Luke 7:18-35
When we read these Matthew and Luke accounts on consecutive days we see how very similar they are – which makes the differences between them more pronounced. As happened to me two years ago, verses 29 and 30 caught my eye: When all the people heard this, and the tax collectors too, they declared God just, having been baptized with the baptism of John, but the Pharisees and the lawyers rejected the purpose of God for themselves, not having been baptized by him. Sadly, the Pharisees (lawyers) rejected the purpose of God for themselves. That is such a sad statement. Still, I constantly am sympathetic to their plight. Both John and Jesus were turning the Pharisees’ “church” on its end, bringing new activities, new testimonies, new converts. What to make of these new upstarts? However, the evidence was there before them – Jesus recounting what He had done for the blind, the lame, the lepers, the deaf, the dead and the poor. They simply could not ignore Jesus – but they also could not embrace Him!

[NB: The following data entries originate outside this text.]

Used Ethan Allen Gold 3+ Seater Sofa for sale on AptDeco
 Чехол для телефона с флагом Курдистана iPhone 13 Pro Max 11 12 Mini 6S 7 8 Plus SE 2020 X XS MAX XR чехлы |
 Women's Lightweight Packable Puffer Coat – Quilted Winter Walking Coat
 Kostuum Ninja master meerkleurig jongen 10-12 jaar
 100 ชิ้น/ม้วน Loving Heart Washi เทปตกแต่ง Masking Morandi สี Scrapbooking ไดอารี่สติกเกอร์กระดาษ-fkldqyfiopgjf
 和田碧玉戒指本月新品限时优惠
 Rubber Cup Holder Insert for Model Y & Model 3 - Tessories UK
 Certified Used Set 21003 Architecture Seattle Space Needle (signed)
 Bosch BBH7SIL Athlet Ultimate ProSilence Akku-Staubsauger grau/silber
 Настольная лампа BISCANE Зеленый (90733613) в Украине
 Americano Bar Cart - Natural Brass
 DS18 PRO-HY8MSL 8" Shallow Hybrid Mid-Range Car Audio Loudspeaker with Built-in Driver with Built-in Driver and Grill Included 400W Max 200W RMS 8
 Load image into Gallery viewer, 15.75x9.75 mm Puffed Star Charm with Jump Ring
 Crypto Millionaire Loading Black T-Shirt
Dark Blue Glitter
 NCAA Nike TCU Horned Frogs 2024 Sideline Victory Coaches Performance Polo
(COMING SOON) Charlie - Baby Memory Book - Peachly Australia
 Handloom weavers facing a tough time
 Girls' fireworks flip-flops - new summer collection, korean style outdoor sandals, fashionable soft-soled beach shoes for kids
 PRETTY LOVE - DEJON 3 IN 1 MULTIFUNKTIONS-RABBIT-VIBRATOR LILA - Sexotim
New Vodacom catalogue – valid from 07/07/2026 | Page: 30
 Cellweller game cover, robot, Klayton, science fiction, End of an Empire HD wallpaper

What struck me further in these two verses is whether or not we are “rejecting the purpose of God for ourselves”. But maybe we put this burden too easily on ourselves. Maybe not… But I’m thinking about the hundreds of people we know who are in fact “rejecting the purpose of God for themselves”. God created each and every one of us to love Him and to serve Him and others. Each one of us, both the lost and the found, have a purpose from God in our having been created. But far too many out there reject His purpose in their lives. They ignore or reject His call on their lives and in the world around them. Carol and I constantly have four of our brothers in mind (two each), almost daily, as they continue to reject Jesus – even though they were raised like us and know of His death, His resurrection, His salvation. We know that part of “our purpose” is reaching out to them, even though their responses can be heated. We pray – and wait.
See also: March 30 / Luke 7:18-35
It could be, as with an imprisoned John, your brothers’ doubt lies in ‘what has He done for me lately?’. Even John, expecting the ‘release of those imprisoned’ had his doubts. You wait because you have faith. Those without your faith move on, disappointed that their interests remain unserved. Again, the Archbishop’s Word this morning tells us that a self-centered life leads to one’s being miserable. Serving God and others gives life meaning.
I kinda dwelt on Luke 7:28 today where at first pass, it seems Jesus was making a harsh assessment of John the Baptist when comparing him to Christians that have come after Jesus. But after letting the verse “soak in” a little bit, I believe Jesus is not contrasting John the Baptist with individual Christians, but life before Christ with life in the fullness of Christ’s kingdom.
I think you are right, Bruce. That is what my Bible study indicated (I cheated).
That makes sense, Bruce. And even though Christians who come after Christ are, like John the Baptist, “born of women”, they are also born of the Spirit.
I think you nailed it, Bruce. The second half of Luke 7:28 cannot just “undo” the first half. The first half indicates that no one on earth is greater than John the Baptist, which goes to say that our “natural” perception of the world order is completely upside down and backwards. Our worldly frame of reference would typically place the Emperor at the top of the heap, and John — imprisoned and about to be beheaded by a second-rate puppet king in the Judean backwater of the Roman Empire — somewhere amongst “the rabble” as a nobody and a failure. Jesus turns that perspective on its head. And then saying that “the least in the kingdom of heaven is greater than he” must mean that “life in the fullness of the Christ’s kingdom” (as you put it) supersedes anything here on earth.